Süddeutsche Zeitung

Sparclubs:Flüssig bleiben

Einst standen Sparschränke in vielen Kneipen etwa im Ruhrgebiet. Doch heute steht die alte Malochertradition der "Sparklubs" vor dem Aus.

Von Janis Beenen, Dortmund

Der Kalauer hält sich. "In der Kneipe gibt es mehr Prozente", scherzen Mitglieder von Sparklubs. Schon dieser Witz zeigt, wie es um die Tradition steht. Er hat seine Doppeldeutigkeit verloren. Längst gibt es Prozente nur noch im Bier und nicht mehr beim Sparzins. Genau wie der Gag scheint das gemeinsame Sparen von Stammtischen überholt zu sein. Nachwuchs fehlt, die Sparkassen stellen Sonderkonditionen für solche Gruppen ein. Nach mehr als 100 Jahren gerät die Tradition der Arbeiter in Vergessenheit. Eine Tradition, die eigentlich so gut zum Bild des fleißigen deutschen Sparers passt.

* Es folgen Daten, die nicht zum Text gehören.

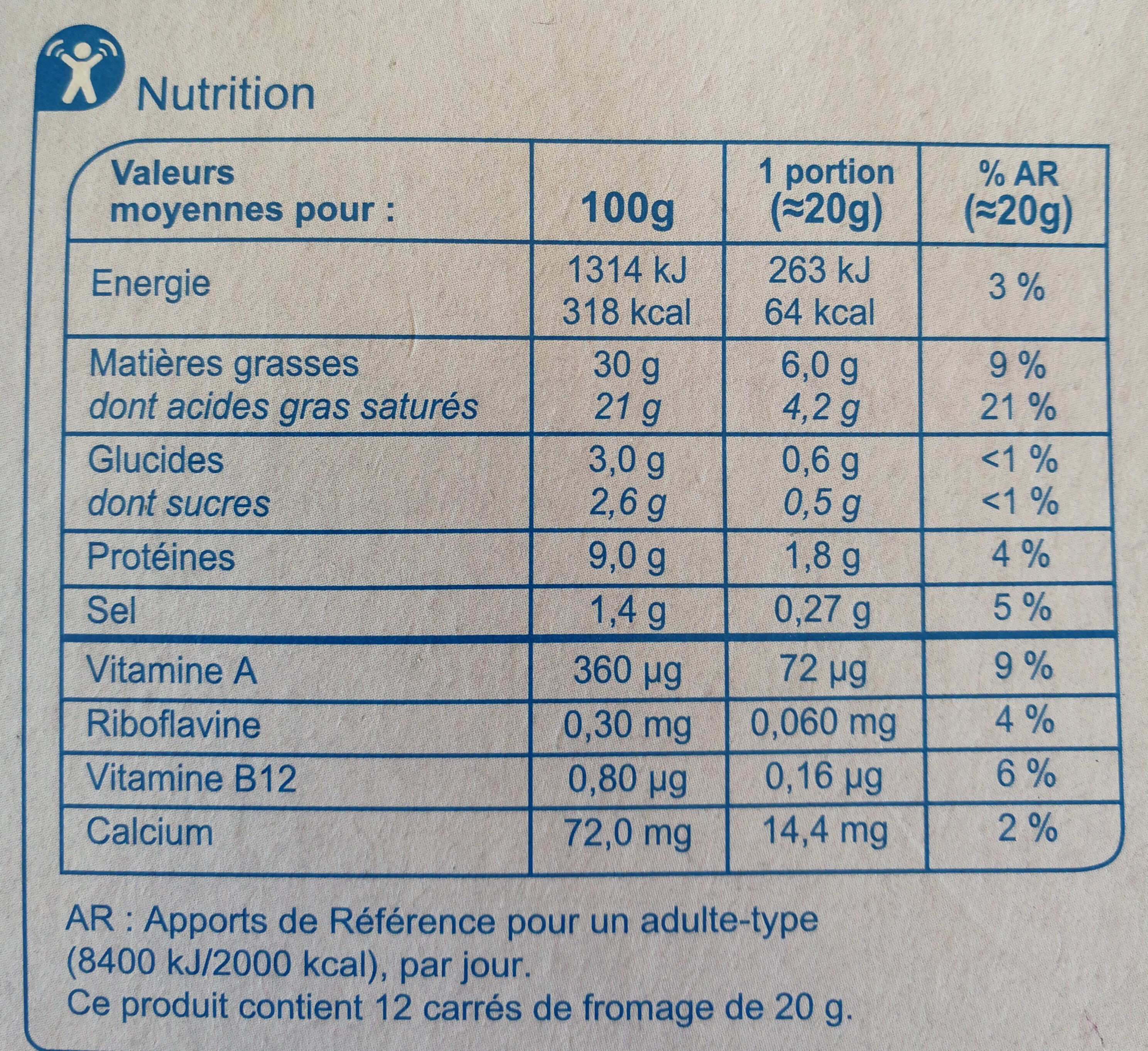 OUI AU BON ! Le carré crémeux - Nutrition facts - fr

Anfang des 20. Jahrhunderts sei das Sparen im Verein besonders aufgekommen, sagt Thorsten Wehber vom Sparkassenhistorischen Zentrum beim Deutschen Sparkassen- und Giroverband (DSGV). Arbeiter im Norden, dem Rheinland und dem Ruhrgebiet stellten in ihren Gaststätten Sparschränke auf. Die Blechkästen bestehen aus etlichen kleinen Fächern, in welche die Mitglieder Woche für Woche einen Mindestbetrag werfen. Eine, vielleicht zwei Münzen. Die Hoffnung auf ein bisschen Wohlstand lebte am Tresen der einfachen Wirtshäuser. Anfangs taten sich die Hafenarbeiter oder Bergleute aus Not zusammen. Die Öffnungszeiten der Sparkassen lagen für viele ungünstig. Die Einzahlung von Kleinstbeträgen lohnte sich ohnehin kaum. Also sammelte ein Kassenwart das Geld von allen und brachte es regelmäßig zur Bank.

"Dabei ging es auch um Schutz vor sich selbst", sagt Wehber. Wenn sich die Kollegen gegenseitig motivieren, etwas zurückzulegen, tauschen sie nicht gleich die ganze Lohntüte in Doppelkorn um. Der Kasten neben dem Zapfhahn entwickelte sich zum Sparschwein der Malocher. Die Regeln der Runden bleiben streng. Mehr als der fixe Betrag ist gerne gesehen. Wer nicht zahlt, muss eine Strafe blechen. Bis zur feierlichen Auszahlung am Ende eines jeden Jahres ist Disziplin gefragt.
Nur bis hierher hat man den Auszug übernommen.